In a short time, the city’s “franchise” contracts with its electric and gas utility will expire, giving the city a once-in-20-years chance to negotiate new terms for its energy services. These contracts are largely focused on right-of-way agreements, discussing an annual payment to city coffers in exchange utility use of city right-of-way to deliver energy services (in other words, payments for poles and wires in the alleys). But the contracts need not be limited to such mundane matters, especially when the city has a commitment to a climate-safe future and a populace strongly supportive of more clean, local energy. Already, the city’s franchise working group – a select four city council members – is examining alternatives to the status quo, options for energy services that reduce greenhouse gas emissions.

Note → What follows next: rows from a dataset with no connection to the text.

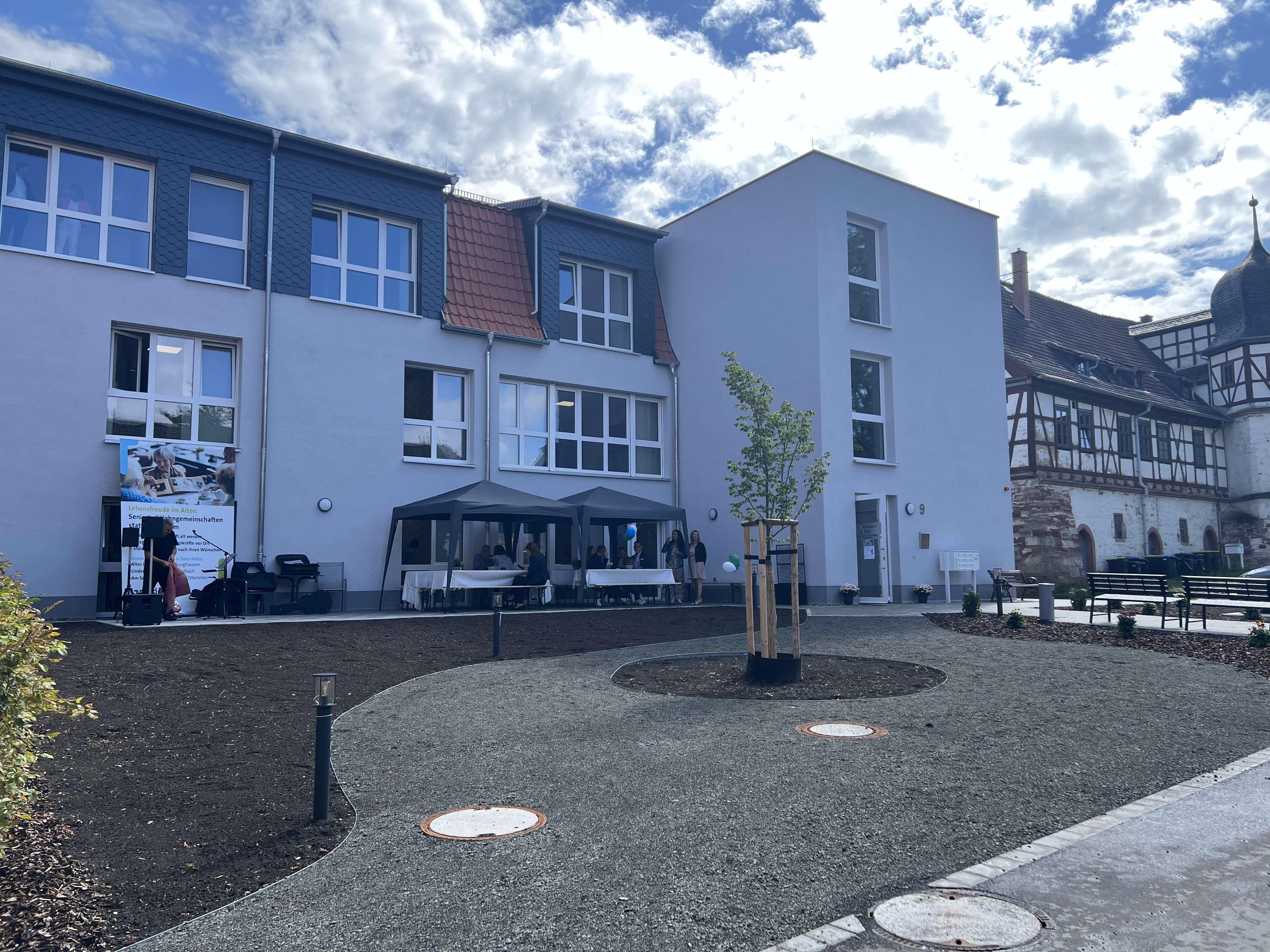 Neubau Miete Gerstungen / Oberellen - Gerstungen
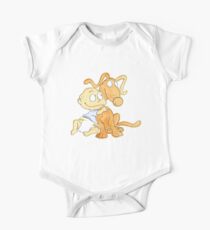 Tommy from Rugrats One Piece - Short Sleeve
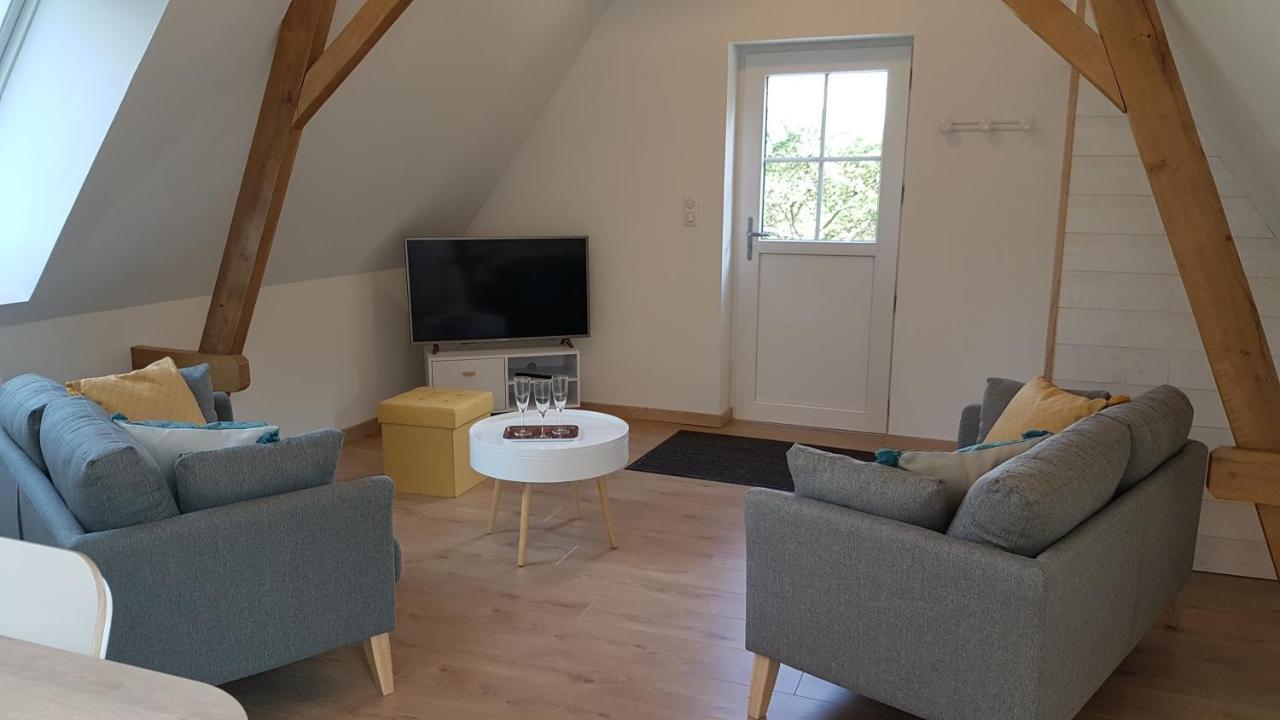 Le Shelter Villa Buysscheure Dış mekan fotoğraf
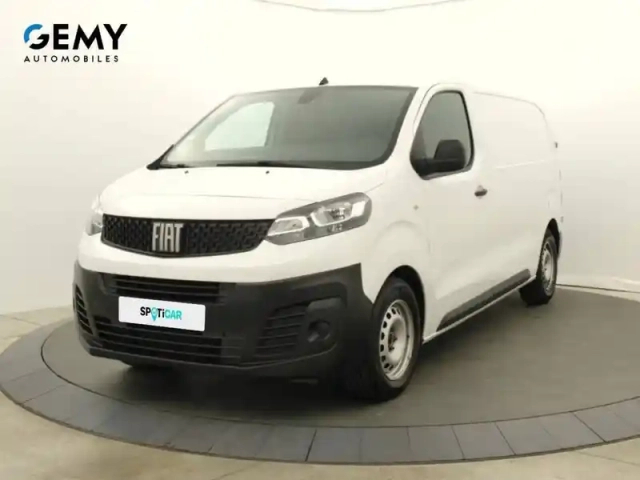 Fiat Scudo fourgon 1.5 multijet 120 standard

But there’s a catch. State law gives the utilities a monopoly on serving Minneapolis customers, regardless of their interest in negotiation. In other words, there’s not much incentive for Xcel Energy or CenterPoint Energy to talk turkey with Minneapolis when their citizens are a captive audience.
That’s the motivation behind Minneapolis Energy Options, giving the city an option and giving residents and businesses a choice for more control over their energy future. To do it, the city needs to put a municipal utility on the ballot this fall. If passed, it would authorize the city to create a municipal utility but only if it could be cleaner, more affordable, more reliable, and generate more local energy than the incumbent utilities.
It’s been done before, in Boulder, Colorado. After many years of fruitless negotiation with their monopoly electric utility (Xcel Energy, by coincidence), citizens in Boulder narrowly approved authorization of a city-owned utility in fall 2011. It hasn’t closed the door to negotiation; in fact, Xcel continues to ply the city with alternatives to forgo losing tens of thousands of customers and millions in profits. The utility’s motivation should not be lost on Minneapolis or other cities with an eye on meeting ambitious climate and energy goals:
If you want investor-owned, for profit, monopoly utilities to work on reducing greenhouse gas emissions, they need a financial incentive. And there’s no better incentive than losing customers.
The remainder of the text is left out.